The Pivot app already exists. People are successfully using it. What’s left for your team to do?
DR: Software isn’t static. It’s a dynamic process. Technology is always changing, new tools are always available, and there’s always a better way to do things. No one would want to use the same apps as five years ago. When Apple launches a new iPhone, we can change the app to make it a lot more appealing. Phones, resolution, and software are always changing. Also, as we learn more about our users, we get more data. We learn what works and what doesn’t. So we’ll remove some functions, revise others, or add new features.
How does feedback from users reach you?
DR: We work closely with Pivot’s product team, and they use Mixpanel, a common tool for software teams. It’s an analytics tool that allows them to track how our product is being used. It tells us how users are interacting with the app—like whether they stay on a feature for a few seconds or for X number of minutes. The product team uses that data to tell us, the software team, that a particular screen works well, that it helps people start the program, or helps them quit smoking. On another screen, maybe people don’t move on from there, don’t continue with the app. Based on that information, we build what the product team tells us. They make the business decisions.
How do you organize your teams?
DR: By platform. Our mobile team has an iOS platform team and an Android team. Then we have a full-stack team responsible for internal tools, such as our coaching portal and other services that support the mobile offerings.
We use the Agile process, which means we work in sprints, two-week sprints. Every two weeks brings an opportunity to reprioritize what we’re working on. If a new challenge comes in, we can start working on it within two weeks or less.
How do you prioritize and manage your teams’ time?
DR: It’s somewhat collaborative. The product team gives us a list of requests and general sense of the value of each request. They prioritize. Our teams look at the requests and take them until they feel they’ve filled up two weeks’ worth of work. A tracking tool follows that.
For example, the product team might say, “We have a business objective to measure quitters.” The engineers might say, “We can do that in an easy way in two weeks. Or a richer way to do it might take three months.” We collaborate to decide how much is accomplishable with reasonable effort. This applies to refinement of features or new features, big or small.
As for new features, who generates the ideas that your team implements?
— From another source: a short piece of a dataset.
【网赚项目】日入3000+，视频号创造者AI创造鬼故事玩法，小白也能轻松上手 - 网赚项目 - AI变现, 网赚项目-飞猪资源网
DR: We work closely with the product team, and they work with the various stakeholders who have needs including, of course, our customers. Product gets that information, and I work with them to scope what a request will take.
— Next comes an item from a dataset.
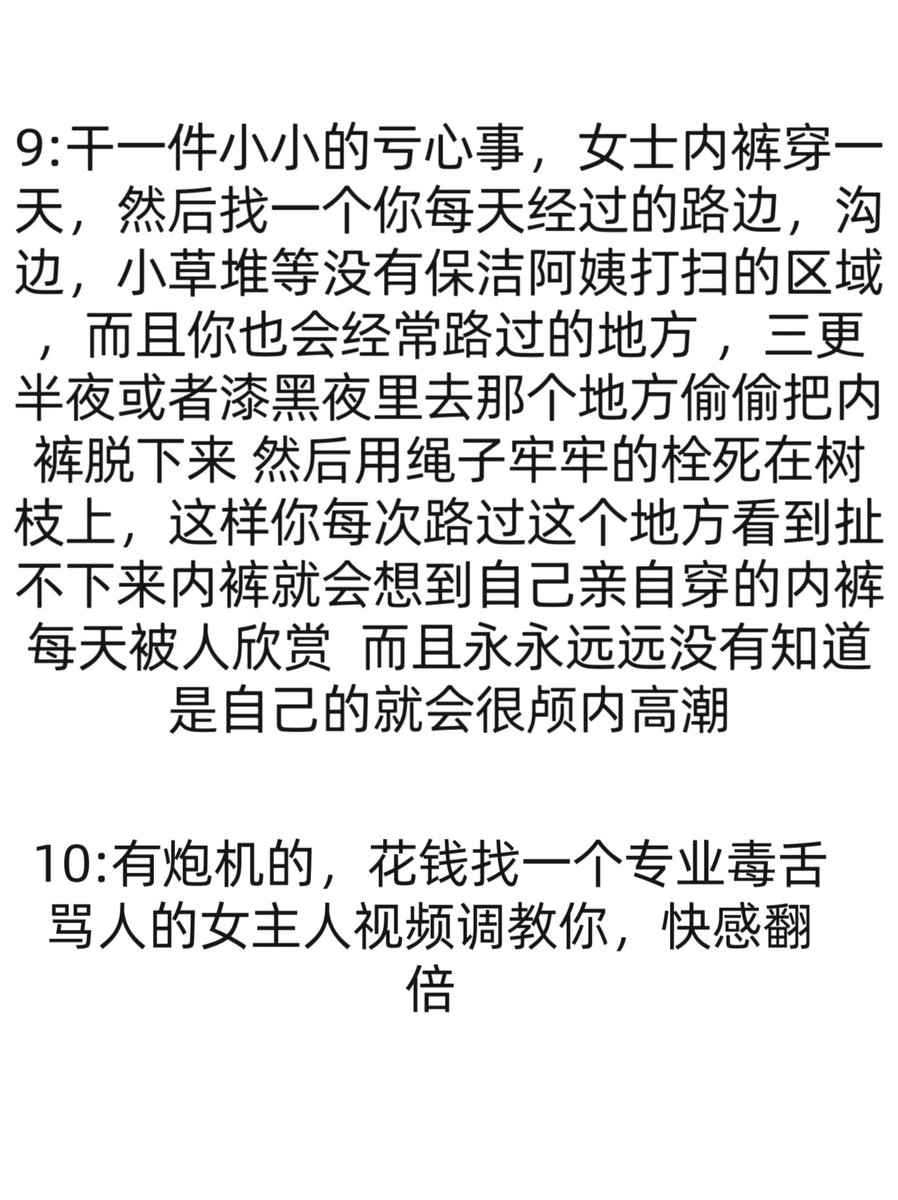 shipin777's tweet photo. 后台私信全是要CD攻略的，蒙圈了     终于有空更新了 https://t.co/GTSrd1RhR7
Does that ever put you in the position of being a naysayer?
DR: As an engineering team, we can do anything, given enough time. So, we prioritize. Scoping is super useful. We take wish lists from the product team and estimate how long things will take. We look at the list and determine which items are high-value, low-scope, that might only take a few weeks. Items like that move up the priority list. It’s all about how to deliver the most value for the business.
What’s an example of a high-value, low-scope item?
DR: Obviously, quit rate is very important to us. Efficacy—we want to build a product that helps people quit smoking. Well, early in the product we had a cohort of users who didn’t need to go through the entire product in order to quit. But we didn’t have a way to measure that. Those people might spend just 30 days in Pivot and disappear. They’d be classified as nonusers (of Pivot), not people who had quit smoking. The fix was simple: We developed a feature, a really intuitive feature, that allowed people to tell us that they had stopped smoking. From an engineering point of view, it was pretty low scope. But for the users, we could start supporting them as ex-smokers, and for the company, we could better gauge the performance of the product.
And what’s a high-value, high-scope feature?
DR: One of the big new ones is Community, a feature in Pivot that will allow smokers and ex-smokers to support each other. It will help us utilize our coaching resources better—some of the help you might get from a coach could be available from a peer. And it will be a great platform for us to learn, to see what the conversation is. We’re a couple of months away from beta on that.
How do you make sure your teams’ working environment is as stress-free as possible?
DR: Our teams are pretty tight. We hang out together, go out together after work. We learn a lot about people’s stressors in a relaxed environment.
Also, we managers work a lot with the rest of folks in the organization so that the engineers can focus on coding. We try to be aware of requests coming in and consolidate so that engineers always know what they need to work on. We try to anticipate fires and remove as many of those as possible.
We also have an open-feedback style. We hold retrospects, where we look at a month of sprints and go over what went well and what didn’t. We measure all that and establish how to make improvements.
One of the things we do as a team is address “technical debt,” which can happen in a fast-moving company. We acknowledge that a certain amount of debt amasses unless we maintain upkeep in the product. So, we allocate a certain amount of sprint time to technical debt—fixing things that are broken, doing some R&D. It’s all toward improving the working time of our engineers.
What are some of your hidden challenges—things you deal with that even some of your colleagues may not know about or understand?
DR: We’re fully HIPAA-compliant, and that requires a lot of upkeep on the part of our small IT team. They’re awesome. There are always a lot of security compliance changes; things can be outdated within a few months. So there’s constant maintenance going on across hundreds of machines. Someone has to make sure everything is up to date.
Speaking of keeping things up to date, how do you deal with the fact that a lot of Pivot users are using older devices?
DR: We have a QA team responsible for backward compatibility. They have to make sure everything works with older software and older devices. This is more pronounced on Android because there are so many more devices. The QA team makes sure those older devices never fall behind.
Tell me about the Co-op Program.
DR: It’s a very formalized internship program through a great school in Canada, the University of Waterloo. Students spend four months in school, four months working, so by the end of four years, they have two years of paid work experience. We get three batches of Co-op students a year, and they’re great. A lot of our recruiting pipeline comes through that way. The students who work for us can also spend time at Google or Facebook, Uber or Lyft. Some love working for a big company, and others are more suited to startups like ours.
You worked at Indochino. Does that mean you’re the best-dressed guy at Carrot?
DR: Well, I have maybe 20 custom suits in my closet, but these days I only wear them at holiday parties.